2018-03-27 Thread m...@papersolve.com
Public bug reported:

When booting a SPARCstation-20 with the original ROM, qemu does not set
the number of processors in a way that this ROM can understand it, and
the ROM always reports only 1 processor installed:


 ~/qemu  /usr/local/bin/qemu-system-sparc -bios ./ss20_v2.25_rom -M SS-20 -cpu 
"TI SuperSparc 60" -smp 2 -nographic

Power-ON Reset


   SMCC SPARCstation 10/20 UP/MP POST version VRV3.45 (09/11/95)
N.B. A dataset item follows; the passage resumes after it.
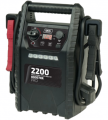 IDEAL BOOSTER 2200 PRO - Przenośny akumulator do wspomagania rozruchu 12 V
CPU_#0   TI, TMS390Z50(3.x)   0Mb External cache

CPU_#1   *** NOT installed ***
CPU_#2   *** NOT installed ***
CPU_#3   *** NOT installed ***

<<< CPU_ on MBus Slot_ >>> IS RUNNING (MID =
0008)


...

Cpu #0 TI,TMS390Z50 
Cpu #1 Nothing there 
Cpu #2 Nothing there 
Cpu #3 Nothing there 

...

SPARCstation 20 (1 X 390Z50), No Keyboard
ROM Rev. 2.25, 128 MB memory installed, Serial #1193046.
Ethernet address 52:54:0:12:34:56, Host ID: 72123456.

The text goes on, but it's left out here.